The nature of Ted Hughes's similes
In 1971, Ted Hughes wrote to his children that they might "earn some cash" by writing stories, by producing paintings or drawings, by making and memorising lists, and, finally, by coming up with similes: "that is, when you say so-and-so is like a so-and-so. For every good simile—threepence". The letter provides a charming insight into Hughes's sponsorship of Frieda and Nicholas's creativity. It also reveals something about the centrality of simile to Hughes's conception of poetic invention and expression. This chapter focuses on similes—especially nature similes—as a mode of poetic thinking in examples ranging across Hughes's career: from early poems to Birthday Letters and including the remarkable series of similes in "Skylarks". Partly as a counterbalance to compelling biographical approaches to his work, the chapter focuses closely on one poetic trope in order to stress Hughes's formal inventiveness.

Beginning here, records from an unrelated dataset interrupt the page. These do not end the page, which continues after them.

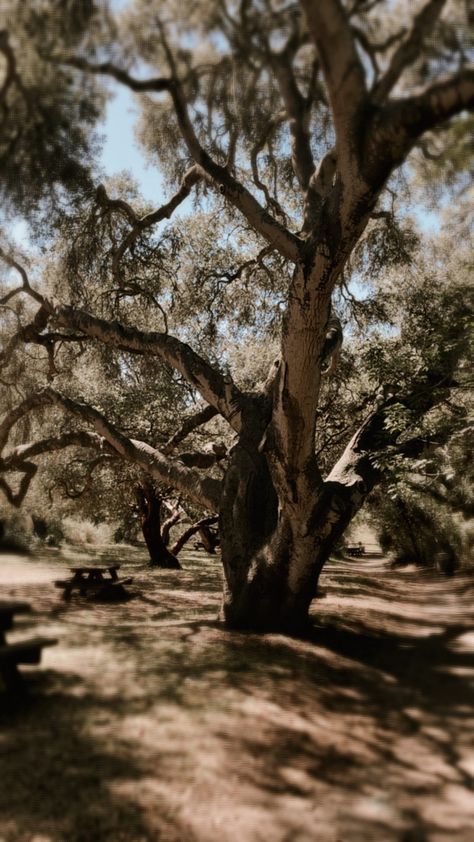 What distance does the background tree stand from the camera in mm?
4344

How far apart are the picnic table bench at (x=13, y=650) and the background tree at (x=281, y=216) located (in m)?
3.23

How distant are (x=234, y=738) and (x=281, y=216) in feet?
29.6

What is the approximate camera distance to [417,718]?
178 inches

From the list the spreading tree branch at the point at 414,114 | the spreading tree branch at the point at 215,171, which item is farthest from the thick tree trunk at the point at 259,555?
the spreading tree branch at the point at 414,114

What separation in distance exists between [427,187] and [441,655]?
7044 mm

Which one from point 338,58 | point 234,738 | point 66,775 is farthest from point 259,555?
point 338,58

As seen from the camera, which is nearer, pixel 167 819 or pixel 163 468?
pixel 167 819

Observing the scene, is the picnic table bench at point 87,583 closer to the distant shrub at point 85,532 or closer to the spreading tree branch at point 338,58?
the spreading tree branch at point 338,58

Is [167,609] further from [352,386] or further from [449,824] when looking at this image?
[352,386]

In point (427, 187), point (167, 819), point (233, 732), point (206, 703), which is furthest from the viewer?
point (427, 187)

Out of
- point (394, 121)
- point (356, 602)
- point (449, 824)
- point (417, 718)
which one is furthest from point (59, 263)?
point (449, 824)

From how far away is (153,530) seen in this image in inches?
648

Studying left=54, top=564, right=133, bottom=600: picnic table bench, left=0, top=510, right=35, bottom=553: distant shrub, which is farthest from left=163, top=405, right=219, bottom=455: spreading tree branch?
left=0, top=510, right=35, bottom=553: distant shrub

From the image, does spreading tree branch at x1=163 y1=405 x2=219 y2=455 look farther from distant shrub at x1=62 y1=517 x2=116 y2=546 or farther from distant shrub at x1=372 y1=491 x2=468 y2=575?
distant shrub at x1=62 y1=517 x2=116 y2=546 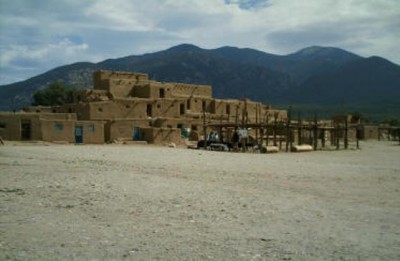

It suggests that Hughes's similes are active in the production of meaning but are also engaged in a poetic examination of how meaning is made. In the process, the chapter argues that Hughes's formal practice provides a different way of thinking about the Romantic idea of "organic form". The particularity of Hughes's organicism—including his deployment of similes—frequently presents openness and rupture in place of the closed perfection of well-wrought urns. The curiously independent life of Hughes's similes demands that we focus not only on nature in the poems but also on the nature of poetry itself.
Castell, J. (2018)., The nature of Ted Hughes's similes, in N. Roberts, M. Wormald & T. Gifford (eds.), Ted Hughes, nature and culture, Basingstoke, Palgrave Macmillan, pp. 87-106.